[Start of Attachment]

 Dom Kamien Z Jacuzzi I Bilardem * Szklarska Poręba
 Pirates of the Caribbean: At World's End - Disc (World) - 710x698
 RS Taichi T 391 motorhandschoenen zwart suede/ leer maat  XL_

[End of Attachment]
[Start of Attachment]

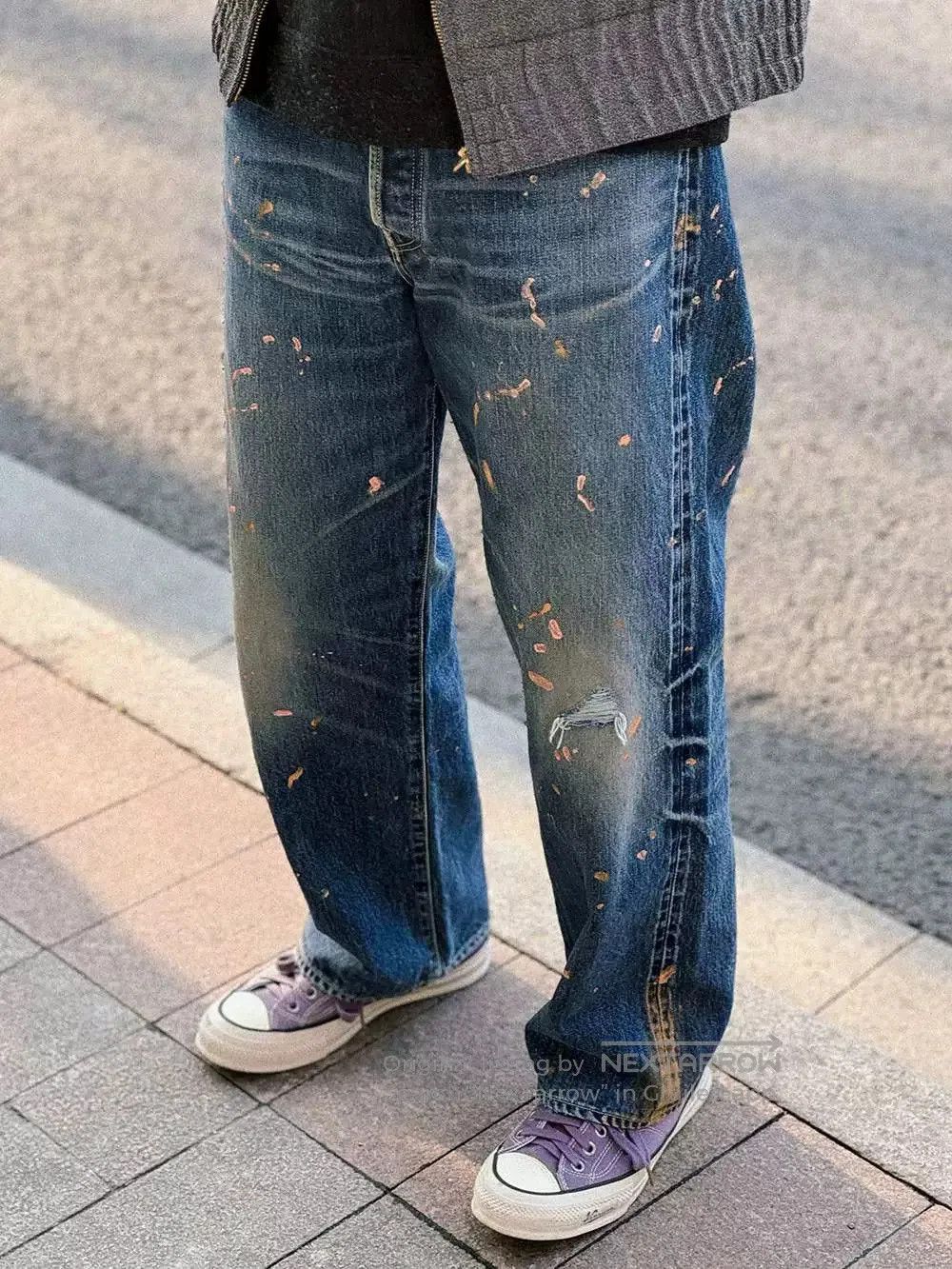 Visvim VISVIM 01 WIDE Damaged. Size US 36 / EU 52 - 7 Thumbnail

[End of Attachment]

▶ _Task brief_: Of the entries above, repeat exactly the lines from the line with "Dom Kamien Z" through the line with "RS Taichi T", both of them included.

▶ _Response below_:
 Dom Kamien Z Jacuzzi I Bilardem * Szklarska Poręba
 Pirates of the Caribbean: At World's End - Disc (World) - 710x698
 RS Taichi T 391 motorhandschoenen zwart suede/ leer maat  XL_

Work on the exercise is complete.